Male. 37. 5.9 188lbs after the cut, now looking to bulk up as usual but this time with a bit of help. Back in 2018 i tried and quite liked Test300 purchased from homeofsteriods. paid. turned up. Happy days.
Just went on it again and its not available in the uk... sooooo... any ideas??
I live in a small village with a commercial gym with no real big guys that would make me suspect that they are using. And if they were id be very concerned as they must be doing something very wrong.
So .. whats a guy to do?

My diet is pretty clean.
Got more prep containers than amazon in my cupboard so im pretty set for a bulk.. 

Any ideas welcome

Many thanks


----------



## flenser (Nov 2, 2021)

Best idea is to introduce yourself in the intro section, then hang around and learn something. Anyone who PMs you with offers of gear is a scammer and will take your money.


----------



## Matt01227 (Nov 2, 2021)

Noted

That makes sense . No one knows me and no one here so instantly making a connection would be difficult this way.
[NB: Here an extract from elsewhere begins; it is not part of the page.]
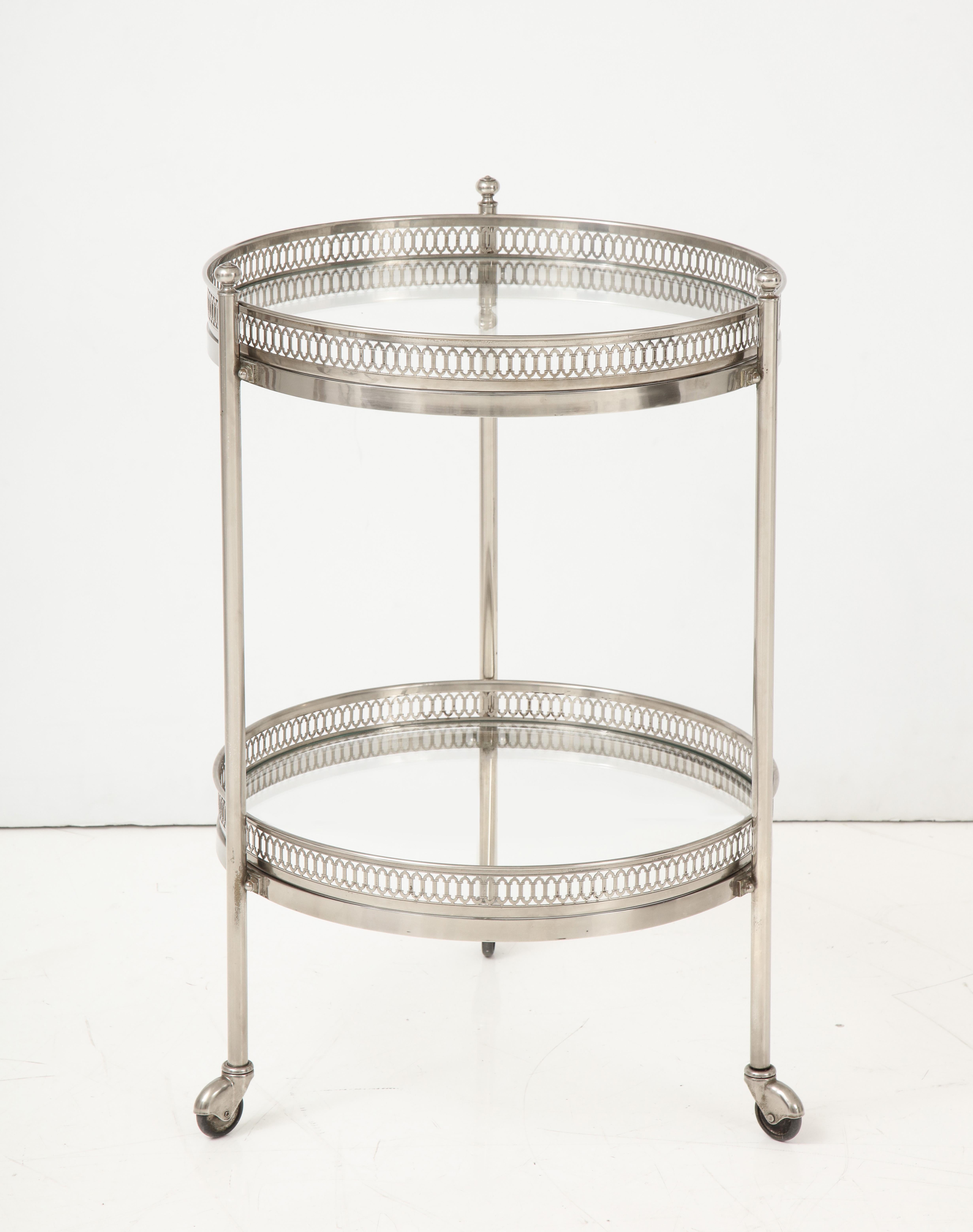 Who doesn't love a bar cart? We chose this one for its round shape and design. Finished in polished nickel, this little gem features two levels, each surrounded by a detailed gallery, and three legs on castors. Perfect for a small space!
Should have thought this one through before the post.

oops


----------



## Send0 (Nov 2, 2021)

If you are asking where to get more testosterone, then I must tell you that we are not a source board and do not have/give recommendations on where to get AAS.


----------



## Matt01227 (Nov 2, 2021)

Send0 said:


> If you are asking where to get more testosterone, then I must tell you that we are not a source board and do not have/give recommendations on where to get AAS.


Good to know thanks.. Any advice on how and where would be appreciated but completely understand that this is not the place now to ask such questions..
All the best


----------



## Send0 (Nov 2, 2021)

Matt01227 said:


> Good to know thanks.. Any advice on how and where would be appreciated but completely understand that this is not the place now to ask such questions..
> All the best


Correct, this forum is not the place that will answer those questions.


----------



## Matt01227 (Nov 2, 2021)

Got it. thats what i was saying. i wont ask for a contact on an open forum. Plus i understand that no one is likely to offer any assistance should one ask for this. 
Many thanks once again


----------



## Sityslicker1 (Nov 2, 2021)

flenser said:


> Best idea is to introduce yourself in the intro section, then hang around and learn something. Anyone who PMs you with offers of gear is a scammer and will take your money.


Brah really? I'm trying to feed my kiddos here.


----------